Detection of metabolites of polycyclic aromatic hydrocarbons in human urine

A non-invasive assay has been developed for the recovery of r-7,t-8,t-9,c-10-tetrahydroxy-7,8,9,10-tetrahydrobenzo[α]-pyrene (BP-7,10/8,9-tetrol) from human urine. This tetrol is excreted as a metabolite of benzo[α]pyrene (BP) in a process catalyzed by cytochrome P450 enzymes and epoxide hydrolases. Urine was hydrolysed to release activated benzo[α]-pyrene-diol-epoxides covalently bound to macromolecular species or conjugated tetrols.

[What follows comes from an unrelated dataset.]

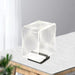 Wire Cube Table Lamp-DWHOME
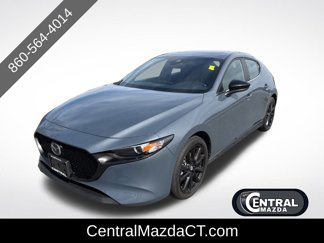 Certified 2023 MAZDA MAZDA3 s image 1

The relatively non-polar organic molecules from urine hydrolysates were collected on octadecasilane chromatography columns (Sep-Paks). Materials eluted in solvent (80% CH₃OH), were further purified on immunoaffinity columns with antibodies raised against anti-N2-[10(7,8,9-trihydroxy-7,8,9,10-tetra-hydrobenzo[α]pyrenyl)]-guanosine. HPLC was then used to isolate BP-7,10/8,9-tetrol, which was quantitated by synchronous fluorescence spectroscopy (SFS). This assay detected 0.24-3.12 pmol BP-7, 10/8,9-tetrol per ml urine (limit of detection 0.01 pmol/ml, given 10 ml urine), in four study subjects. Reproducibility was assessed by adding tritium labeled BP-7, 10/8,9-tetrol (1500 fmol) to a urine sample previously identified to contain the tetrol at levels below the limit of detection of the fluorescence assay; a recovery of >30% of the added radioactivity was achieved (510 ± 64 fmol, mean ± SD, n = 3). Because HPLC alone was not sufficient to isolate materials for quantitation by SFS directly from human urine, immunoaffinity chromatography was found to be a necessary preparatory step in BP-7,10/8,9-tetrol isolation. These data demonstrate the presence of tetrahydrotetrol metabolites of BP in human urine and suggest that measurement of BP-7,10/8,9-tetrol and other polycyclic aromatic hydrocarbon-tetrols may prove to be valuable dosimeters of human internal exposure to polycyclic aromatic hydrocarbons.